TASK TO COMPLETE. Omit the pictures. Transcribe exactly the lines below, from the one with "Hama mini perler 2000stk rødbrun" up to and including the last.

MATERIAL PROVIDED.
((
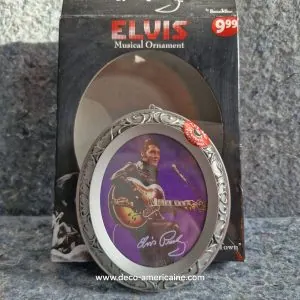 elvis presley collection décoration de noël ornement musical by santa's best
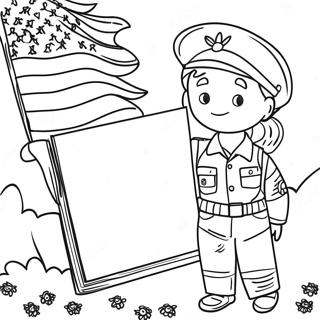 Thank You For Your Service Coloring Page 25175-23031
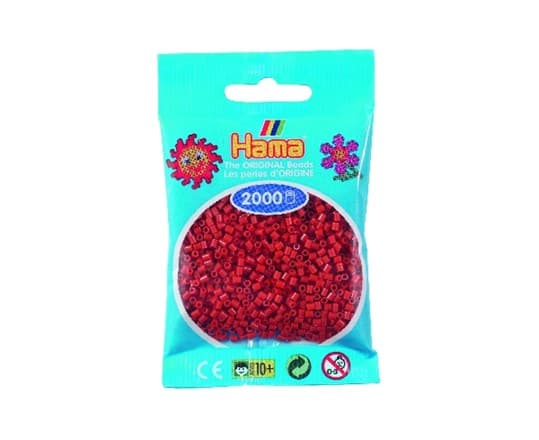Hama mini perler 2000stk rødbrun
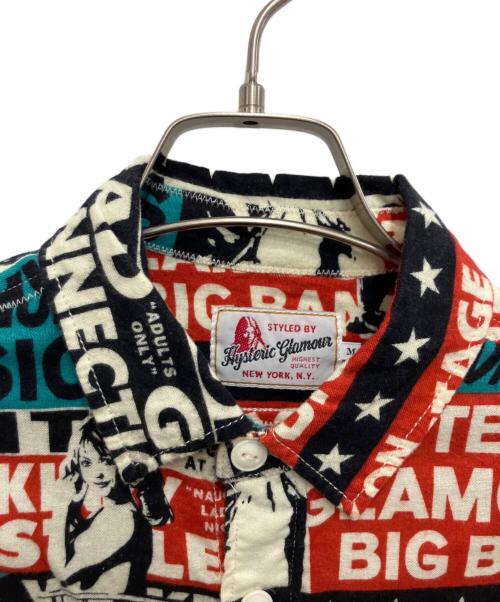 Hysteric Glamour（ヒステリックグラマー）Hysteric Glamour (ヒステリックグラマー) ネルシャツ レッド×ホワイト サイズ:Mの古着・服飾アイテム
))
SOLUTION FOR THIS EXERCISE.
Hama mini perler 2000stk rødbrun
 Hysteric Glamour（ヒステリックグラマー）Hysteric Glamour (ヒステリックグラマー) ネルシャツ レッド×ホワイト サイズ:Mの古着・服飾アイテム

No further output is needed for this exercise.